Records excerpted from a collection:

_ _ _ _

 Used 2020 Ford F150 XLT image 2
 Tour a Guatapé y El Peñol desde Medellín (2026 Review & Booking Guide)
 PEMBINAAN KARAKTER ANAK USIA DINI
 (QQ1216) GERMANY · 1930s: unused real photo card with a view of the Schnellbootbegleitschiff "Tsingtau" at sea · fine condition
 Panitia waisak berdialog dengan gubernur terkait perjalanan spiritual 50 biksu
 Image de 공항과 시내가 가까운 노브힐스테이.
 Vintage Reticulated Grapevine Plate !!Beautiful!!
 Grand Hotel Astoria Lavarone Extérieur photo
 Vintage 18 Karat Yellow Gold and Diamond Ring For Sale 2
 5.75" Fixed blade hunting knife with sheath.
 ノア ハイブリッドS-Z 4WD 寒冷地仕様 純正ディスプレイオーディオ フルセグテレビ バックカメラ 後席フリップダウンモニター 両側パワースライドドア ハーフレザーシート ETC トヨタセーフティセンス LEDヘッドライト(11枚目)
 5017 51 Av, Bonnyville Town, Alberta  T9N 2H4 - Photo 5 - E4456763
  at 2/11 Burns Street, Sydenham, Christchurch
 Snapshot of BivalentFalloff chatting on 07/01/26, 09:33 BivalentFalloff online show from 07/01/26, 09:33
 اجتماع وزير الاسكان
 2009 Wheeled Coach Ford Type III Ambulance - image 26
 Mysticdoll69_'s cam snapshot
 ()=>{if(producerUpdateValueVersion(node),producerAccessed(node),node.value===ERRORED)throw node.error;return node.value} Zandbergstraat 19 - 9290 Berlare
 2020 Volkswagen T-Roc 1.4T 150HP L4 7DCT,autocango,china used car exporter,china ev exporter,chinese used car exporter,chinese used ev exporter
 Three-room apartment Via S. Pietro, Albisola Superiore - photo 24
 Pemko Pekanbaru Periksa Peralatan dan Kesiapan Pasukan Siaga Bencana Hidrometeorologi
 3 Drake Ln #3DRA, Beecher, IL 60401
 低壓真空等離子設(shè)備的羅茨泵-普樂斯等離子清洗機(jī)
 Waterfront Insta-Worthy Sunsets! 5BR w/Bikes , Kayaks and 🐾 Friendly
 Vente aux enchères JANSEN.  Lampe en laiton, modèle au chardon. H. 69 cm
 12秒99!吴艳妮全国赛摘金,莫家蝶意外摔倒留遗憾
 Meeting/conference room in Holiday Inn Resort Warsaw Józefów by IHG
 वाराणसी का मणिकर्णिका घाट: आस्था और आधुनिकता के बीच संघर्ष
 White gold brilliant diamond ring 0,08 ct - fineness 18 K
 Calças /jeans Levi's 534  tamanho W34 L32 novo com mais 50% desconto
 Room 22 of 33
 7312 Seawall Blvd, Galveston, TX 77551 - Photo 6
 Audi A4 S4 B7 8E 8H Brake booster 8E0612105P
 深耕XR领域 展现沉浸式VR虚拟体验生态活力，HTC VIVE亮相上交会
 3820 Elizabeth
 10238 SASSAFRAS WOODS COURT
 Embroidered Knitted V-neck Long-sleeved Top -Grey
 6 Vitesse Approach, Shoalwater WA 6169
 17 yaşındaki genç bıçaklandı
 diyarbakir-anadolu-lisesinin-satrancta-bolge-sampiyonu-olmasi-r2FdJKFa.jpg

_ _ _ _

• **Your assignment**
From the opening line of the data above, please print each line as written up to and including the line that contains "5017 51 Av, Bonnyville", and nothing more.

• **Task result**
 Used 2020 Ford F150 XLT image 2
 Tour a Guatapé y El Peñol desde Medellín (2026 Review & Booking Guide)
 PEMBINAAN KARAKTER ANAK USIA DINI
 (QQ1216) GERMANY · 1930s: unused real photo card with a view of the Schnellbootbegleitschiff "Tsingtau" at sea · fine condition
 Panitia waisak berdialog dengan gubernur terkait perjalanan spiritual 50 biksu
 Image de 공항과 시내가 가까운 노브힐스테이.
 Vintage Reticulated Grapevine Plate !!Beautiful!!
 Grand Hotel Astoria Lavarone Extérieur photo
 Vintage 18 Karat Yellow Gold and Diamond Ring For Sale 2
 5.75" Fixed blade hunting knife with sheath.
 ノア ハイブリッドS-Z 4WD 寒冷地仕様 純正ディスプレイオーディオ フルセグテレビ バックカメラ 後席フリップダウンモニター 両側パワースライドドア ハーフレザーシート ETC トヨタセーフティセンス LEDヘッドライト(11枚目)
 5017 51 Av, Bonnyville Town, Alberta  T9N 2H4 - Photo 5 - E4456763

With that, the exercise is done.